Aside from its many potential uses, the UAS also has a simple design, which allows for lower maintenance costs, ultimately resulting in a lower operating cost, Heely says.
He says that affordability, “especially in the maintenance and logistics area,” was critical during the development of the UAS. Keeping the aircraft system itself affordable was a natural follow on, Heely adds.
The aircraft’s ability to stay in the air for long periods of time drastically lowers the amount of takeoffs and landings, effectively cutting down on events that shorten the life span of the aircraft, and lessen the effectivity of sensors and communications equipment.
“This aircraft will significantly reduce costs across the board,” Heely says.
That endurance was the main reason why Vanilla Aircraft took the top $15,000 prize at AUVSI’s Startup Showdown, held as part of the Xponential conference in 2016.
Since its first flight in February 2015, Vanilla Aircraft has learned a number of lessons, most of which involved “procedural issues involving takeoff and landing,” according to Heely.
The company has had to make very minor modifications to the aircraft, such as a stronger spring, and a slightly more rugged wheel, but Heely notes that the general aircraft design has remained untouched.

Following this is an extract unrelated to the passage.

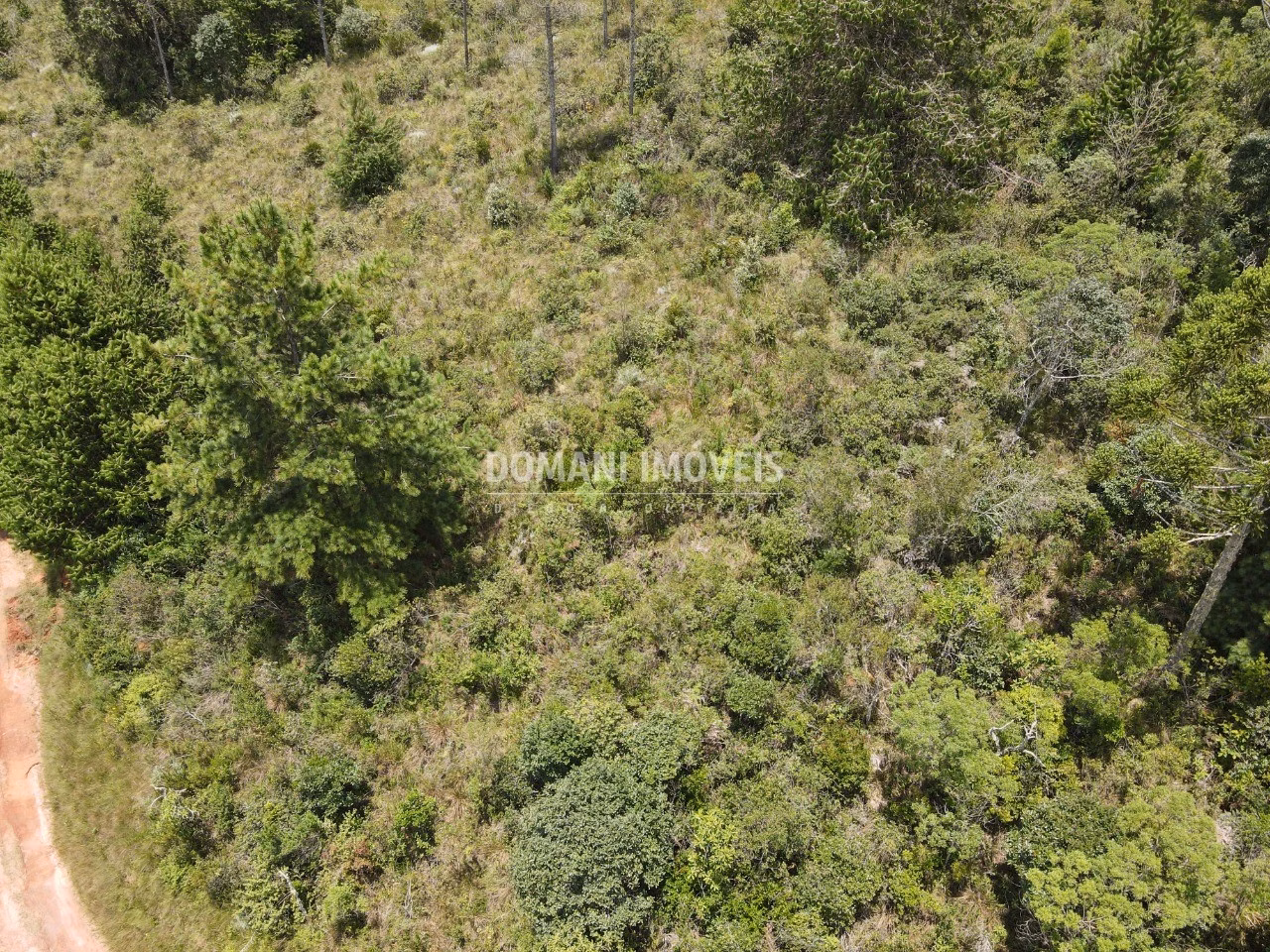 Plot of 1,050 m² in Campos do Jordão, SP, Brazil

More so than anything else, though, the flights have validated the aircraft and its abilities.
“This flight, along with the nine preceding flights, show this is a viable and reliable technology and brings this transformative capability to reality,” Heely said after the completion of the flight.
Heely says the company is “very anxious” to return to the air to “expand the flight envelope along with further missionization of other exciting payloads.”
There isn’t an exact time frame for when the VA001 will be available commercially, but Heely is hopeful that it will be available “very soon.” While he couldn’t provide exact names, Heely did say that he is “very happy with the number of entities and companies” that have followed Vanilla Aircraft, and expressed interest in its VA001 UAS.